Our study has several limitations. Firstly, the time period covered by the data did not coincide with the start and the end of the influenza seasons. Hence, the year 2012 contains the later part of the 2011/12 season and the first part of the 2012/13 season. By the nature of claims data, our dataset only contains cases of influenza seeking medical attendance. Thus, we might underestimate the burden of the disease as symptomatic cases who do not seek medical attention are not considered in the analysis. More generally, the estimation of the burden of disease of influenza is challenging to assess, since definition and diagnostic procedures differ, information on seek of medical attendance partly lacks, and virus circulation and vaccine fit differ almost every year.

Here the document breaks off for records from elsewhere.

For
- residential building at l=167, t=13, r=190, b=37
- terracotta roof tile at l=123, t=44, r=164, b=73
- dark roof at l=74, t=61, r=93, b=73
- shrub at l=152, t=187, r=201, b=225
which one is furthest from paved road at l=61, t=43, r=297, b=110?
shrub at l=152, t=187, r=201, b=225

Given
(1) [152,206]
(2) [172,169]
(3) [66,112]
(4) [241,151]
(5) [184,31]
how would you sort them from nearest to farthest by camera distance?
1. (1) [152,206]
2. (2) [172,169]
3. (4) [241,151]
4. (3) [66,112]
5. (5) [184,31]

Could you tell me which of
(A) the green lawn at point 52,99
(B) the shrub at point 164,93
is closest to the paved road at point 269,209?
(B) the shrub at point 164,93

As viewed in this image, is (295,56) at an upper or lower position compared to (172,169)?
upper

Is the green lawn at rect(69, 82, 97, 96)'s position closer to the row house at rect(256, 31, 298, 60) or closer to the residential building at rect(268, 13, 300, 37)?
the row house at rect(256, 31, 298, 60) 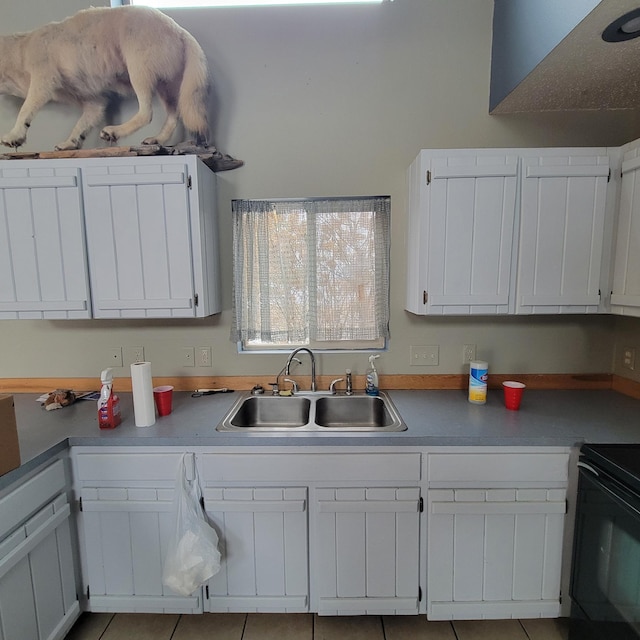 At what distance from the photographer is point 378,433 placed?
138 centimetres

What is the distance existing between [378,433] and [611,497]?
0.82 m

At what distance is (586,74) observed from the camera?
56.7 inches

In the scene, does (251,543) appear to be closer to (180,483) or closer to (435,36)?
(180,483)

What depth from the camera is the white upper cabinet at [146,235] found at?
5.09 ft

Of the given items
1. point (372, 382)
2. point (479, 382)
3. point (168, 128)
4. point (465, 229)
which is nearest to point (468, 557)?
point (479, 382)

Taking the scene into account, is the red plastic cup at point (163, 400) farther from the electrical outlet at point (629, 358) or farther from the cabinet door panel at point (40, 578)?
the electrical outlet at point (629, 358)

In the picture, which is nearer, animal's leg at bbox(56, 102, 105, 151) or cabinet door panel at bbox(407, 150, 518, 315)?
cabinet door panel at bbox(407, 150, 518, 315)

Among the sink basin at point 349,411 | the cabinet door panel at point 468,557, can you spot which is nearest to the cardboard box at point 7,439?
the sink basin at point 349,411

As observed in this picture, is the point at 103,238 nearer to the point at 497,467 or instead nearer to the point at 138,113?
the point at 138,113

Further, no out-of-pocket payments that are not reimbursed by the German sickness funds are part of our analysis. In this context, it is important to mention that the definition of the influenza group – including only patients with a J09, J10 or J11 diagnosis – is rather conservative. In this context, the high percentage of controls with influenza-related medication might be an indicator although many of the pharmaceuticals listed in Table
1 are used for various other medical conditions, e.g. ibuprofen or other analgesics. Additionally, it is not possible to exclude biases that may arise from the population of the sickness fund which was used for the analysis in this study. However, the sickness fund covers nearly 9.98, 10.42 and 10.90% of the general German population in the years 2012, 2013 and 2014, respectively. Finally, we did not include cardiovascular or neurological complications for which the link to influenza is not firmly established. To detect those complications and estimate their economic burden, a larger dataset would be necessary. Hence, our estimates can be seen as conservative.
Conclusions
In summary, our study suggests that the economic burden of influenza on a population level corresponds to the high non-economic burden of disease of influenza found for Europe [
24]. Even if only direct costs are considered, our estimates of €78,278,429 per year are nearly as high as the estimates for herpes zoster and postherpetic neuralgia with €105 million [
25] and amount to one third of the yearly spending on prostate cancer of €244 million in Germany [
26]. Costs are especially high for persons being defined as “high risk” from a clinical perspective and among children 2 to 5 years old. Further research could focus on the cost-effectiveness of a general, seasonal vaccination in dependency of the age at administration of the vaccine.